Cette première présidence est bien plus qu’une formalité. C’est un acte fondateur. C’est un baptême du feu ! Son mandat opérationnel se retrouvera sous le feu des projecteurs pour la première fois depuis sa nomination.
Les marchés scruteront chaque mot pour déceler son orientation. Est-ce qu’elle adoptera une ligne de politique monétaire rigoureuse – dite hawkish – et combattre l’inflation ? Est-ce qu’elle sera plus soucieuse de l’économie et de la croissance – dite dovish ? Le ton qu’elle donnera sera décisif.
Voyons les derniers chiffres. En octobre, le taux d’inflation en glissement annuel a chuté à 4,1 %, le niveau le plus bas depuis avril. Cependant, l’inflation globale a accéléré, se hissant à 3,5 %, le plus élevé depuis décembre 2024. Point positif : la roupie s’est renforcée par rapport à un panier de devises en octobre, après cinq mois de dépréciation. Cette année, la croissance est estimée à 3,1 %.
Donc, quelle serait la décision appropriée ?
Le pari réaliste est celui du statu quo. La décision la plus probable et la plus équilibrée est de maintenir le taux inchangé à 4,5 %.
Or, cette prudence nous mettrait face à un dilemme. D’une part, les deux mesures de l’inflation – globale et glissement annuelle – ne semblent point reculer vers un niveau plus bas, exigeant ainsi une vigilance absolue. Et, d’autre part, la croissance reste fragile. Des secteurs clés tels que le tourisme, les petites et moyennes entreprises, sans oublier le pouvoir d’achat des ménages, restent vulnérables à une hausse du taux d’intérêt.
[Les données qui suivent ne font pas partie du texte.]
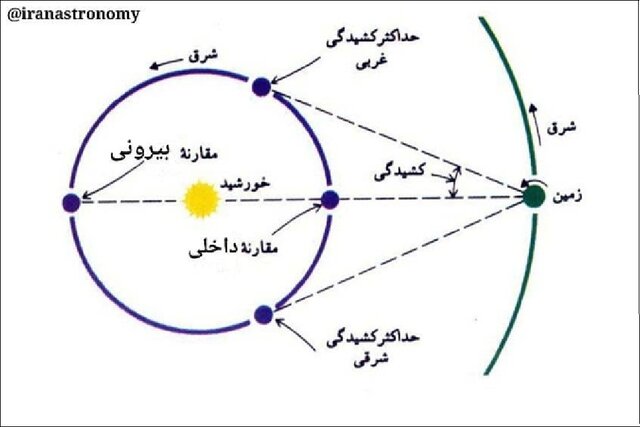 Nahid's shine in the morning of June 6/Spectacular companionship of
L’inflation reflète le mouvement des prix à l’international. Vous conviendrez qu’une hausse du taux directeur ne peut pas être à l’agenda…
En effet ! Sur le plan mondial, le cours du pétrole est en recul. Le prix d’autres commodités est en baisse. Un vent favorable souffle sur l’économie mondiale, offrant un contexte opportun à la nouvelle gouverneure.
Pourriez-vous être plus précise au sujet des cours mondiaux ?
D’abord, sur le plan énergétique, la baisse du prix du baril réduit la pression sur les coûts de transport et de l’énergie. D’ailleurs, le prix de l’essence a été revu à la baisse en début de semaine. Ensuite, l’indice des prix des produits alimentaires de la FAO a connu une deuxième baisse mensuelle consécutive en octobre 2025. Le prix des céréales, des produits laitiers, de la viande et du sucre a reculé, plaçant l’indice global en deçà de son niveau d’octobre 2024, et bien loin de ses pics de 2022.
Cette tendance baissière des matières premières est un atout majeur pour Maurice, économie importatrice nette. Elle contribue à atténuer l’inflation importée. Elle offre une marge de manœuvre bienvenue à la politique monétaire.
C’est-à-dire ?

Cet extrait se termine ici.